In case you missed it (ICYMI), here are some of the stories that made headlines in the world of cleanrooms and nanotechnology in the past week:
Researchers have experimentally confirmed strong in-plane anisotropy in thermal conductivity, up to a factor of two, along the zigzag and armchair directions of single-crystal black phosphorous nanoribbons. Black phosphorous acts as a natural semiconductor and has an energy bandgap that allows its electrical conductance to be switched on and off. Theory says that, in contrast to graphene, black phosphorous allows heat to flow more easily along a direction in which electricity flows with more difficultly. This revelation about black phosphorus nanoribbons means that this material could potentially be applied to future to electronic, optoelectronic, and thermoelectric devices.

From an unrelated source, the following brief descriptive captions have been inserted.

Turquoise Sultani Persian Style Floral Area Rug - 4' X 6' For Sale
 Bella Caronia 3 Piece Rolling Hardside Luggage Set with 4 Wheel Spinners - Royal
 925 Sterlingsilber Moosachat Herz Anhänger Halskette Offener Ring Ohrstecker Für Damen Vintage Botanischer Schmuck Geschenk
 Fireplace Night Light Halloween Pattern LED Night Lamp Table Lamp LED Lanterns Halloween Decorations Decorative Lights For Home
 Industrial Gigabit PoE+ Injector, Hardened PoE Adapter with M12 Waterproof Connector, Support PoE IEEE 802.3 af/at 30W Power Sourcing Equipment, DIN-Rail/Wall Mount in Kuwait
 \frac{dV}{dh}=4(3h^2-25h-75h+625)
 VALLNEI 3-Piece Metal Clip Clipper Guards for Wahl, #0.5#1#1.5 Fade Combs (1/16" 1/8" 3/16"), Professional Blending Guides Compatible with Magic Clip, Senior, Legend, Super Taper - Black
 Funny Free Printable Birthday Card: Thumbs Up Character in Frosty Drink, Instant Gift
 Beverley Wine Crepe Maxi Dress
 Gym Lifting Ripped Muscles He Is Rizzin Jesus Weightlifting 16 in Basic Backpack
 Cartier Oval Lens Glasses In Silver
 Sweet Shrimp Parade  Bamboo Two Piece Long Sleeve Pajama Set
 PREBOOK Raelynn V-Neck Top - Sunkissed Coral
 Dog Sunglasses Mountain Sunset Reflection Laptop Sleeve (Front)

Next-generation solar cells made of perovskite become stabilized when they’re pressed between a metal oxide “sandwich,” which efficiently converts sunlight to electricity. This advancement can help the development of these solar cells for commercial use, since perovskite is quite delicate — it is a very light, flexible, organic-inorganic hybrid material, so things have stalled in development toward its commercialized use. This new cell construction extends the cell’s effective life in air by more than 10 times.
Finally, The University of Manchester’s National Graphene Institute won the Major Building Project of the Year at the annual British Construction Industry Awards. Graphene was discovered at the university in 2004, and today its researchers and scientists are using the institute to collaborate with other universities and as well as businesses to advance the commercialization of graphene applications. The building also won the BIM (Building Information Modelling) Application Award for the extensive use of modelling software required to map out the NGI’s extensive mechanical and engineering services.